The former PSV Eindhoven and Chelsea man had started out on the left wing for Holland, a departure from his normal positioning on the right for Bayern. That allowed Dirk Kuyt to start at his preferred position on the right flank for the Dutch.
But that mattered little where Robben was concerned.
While he is renowned for preferring to attack from the right, which allows him to cut inside and open up onto his magnificent left foot (see: Holland's third goal against England), his is the type of class that can influence proceedings from any position on the pitch.
Robben got himself into the action against England early on, using his pace to get behind England right-back Micah Richards, and cutting infield to link up with attacking midfielder Wesley Sneijder and forward Robin van Persie.
Those three served as a triumvirate of sorts for the Dutch attack, producing some sublime combination play.
It was a lovely move between Robben, Sneijder and Van Persie—one-touch passes all—that saw the Dutch No. 9 try out his best Charlie Adam penalty impersonation (see: Carling Cup final) by firing miles over Joe Hart's goal.
That came in a first half that was, to put it lightly, slow.
To put it, I guess, darkly, it was quite boring.
Yet just like one of those vintage Robben runs, the second half saw the 28-year-old with the octogenarian hair (it seems like his mane has been receding since his early 20s) steadily grow in stature until the Dutch threatened to overwhelm the Three Lions entirely.
His performance for Holland was the sort of dominance we've come to expect from Robben firing on all cylinders.
Yet that's hardly been the case of late for his club.
The winds of dissatisfaction seem to be coming from all directions, with Franz Beckenbauer calling the winger "selfish," and Robben maintaining that he "doesn't have the confidence" of manager Jupp Heyneckes.
"I could say I don't care and I read or hear nothing, but you can't avoid it," Robben told ESPN's Soccernet (h/t Yahoo!). "It is not always fun, especially because in my opinion it is not justified. If I play badly, you may criticise me, but in Germany it is personal warfare."

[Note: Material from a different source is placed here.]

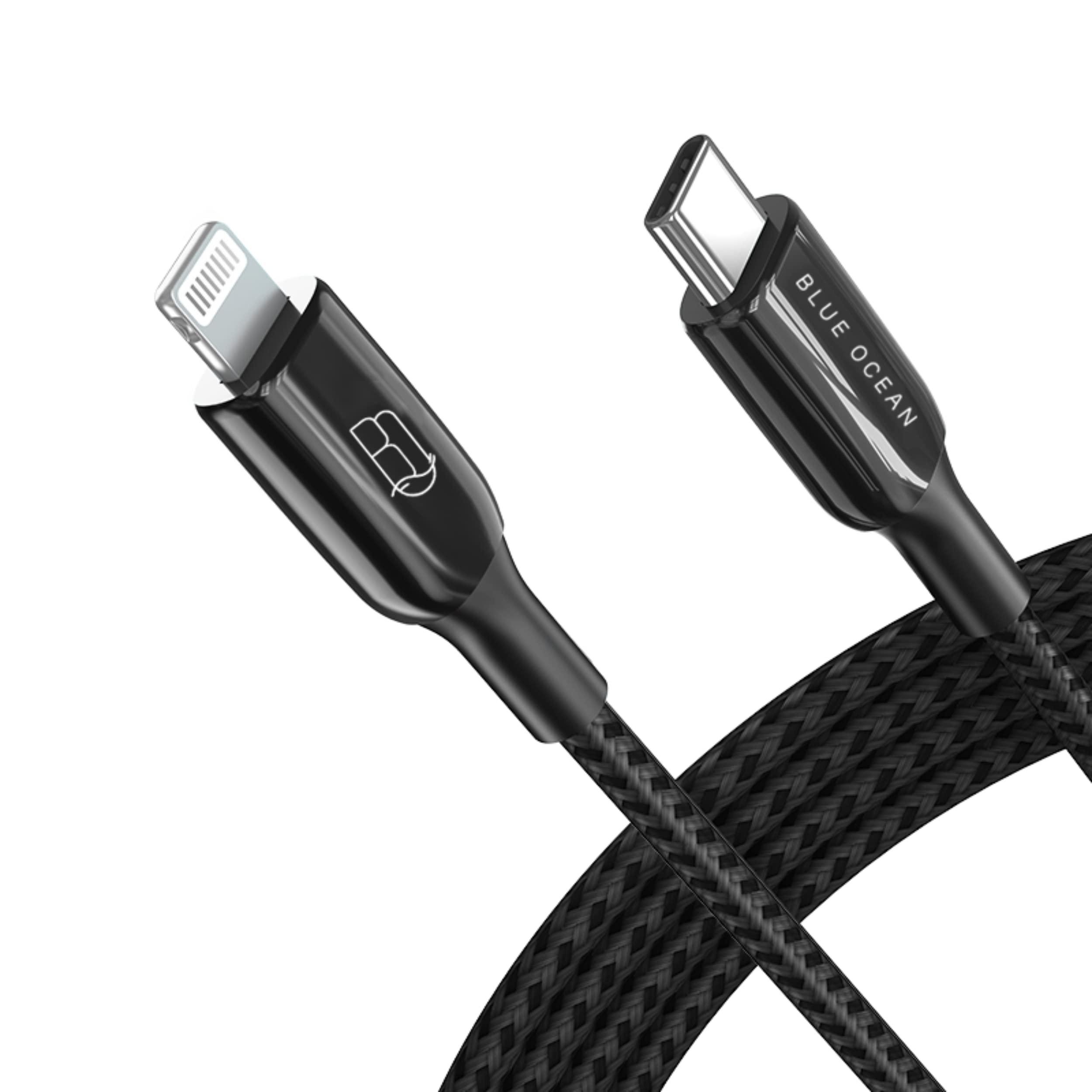 BLUE OCEANUSB C to Lightning Cable Fast Charging 1.20 Meter Power Delivery 20W Cable Compatible for Apple Charger iPhone 14 13 12 Pro Max iPad (1.2M)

It appeared that his call-up to the Dutch side amounted to a holiday of sorts given the stress that has been steadily enveloping him in Munich.
When asked whether he would consider signing an extension with the Bavarian club (Robben's contract is up in 2013), he responded, "It's not an ideal situation at the moment."
He does appear to have an advocate in Bayern president Uli Hoeness, however.
"If we had not had that [criticism] in recent weeks, Robben certainly could have scored two or three goals," Hoeness told Bild. "This s***-talk of whether he is an individualist has caused him to now pass the ball, even if he could go on his own. You can influence a football match from outside."
Robben is searching for a run of games to fire back into full fitness (he says he's not 100 percent at the moment), but with two substitute appearances in his last three matches for Munich, he hasn't had the chance to do so.
It is strange that Bayern Munich would forget that it was, in fact, bits of individual brilliance from Robben that helped them get to the 2010 Champions League final in the first place (see: volley vs. Manchester United in the quarterfinals return leg at Old Trafford).
The winger is by no means a "selfish" player, but just like Cristiano Ronaldo, goal-scoring is his greatest attribute. There are few who can impact a game in that manner like Robben.
Why begrudge such a vital contribution, especially when it comes so naturally?
When he's given the freedom to do run at defenses with abandon, like we saw at Chelsea, like we saw two seasons ago for Bayern, and like we saw last Wednesday with Holland, he can lift a team to incredible heights.
Take away that room for spontaneity, and you mitigate his effect as a player.
Should he find his fitness (never a guarantee with him, to be honest) and his form, Dutch coach Bert van Marwijk will be a much more confident man going into this summer's European Championships.
But before that, Bayern still have a Champions League campaign to finish and a league title to win.
That 1-0 defeat on the road to FC Basel is by no means insurmountable, and with the final to be played at the Allianz Arena in May, Bayern have added incentive to forage ahead in Europe's most prestigious competition.
The league is looking a far trickier challenge.
Bayern sit four points behind title holders Borussia Dortmund on 23 games, and will need an inspired run of form to dethrone Jurgen Klopp's side.
Should they heed the words of Hoeness, however, they might just find that they hold the key to unlocking that door.
They just have to remember where they put it. Once that door opens, Holland's opponents should be on alert.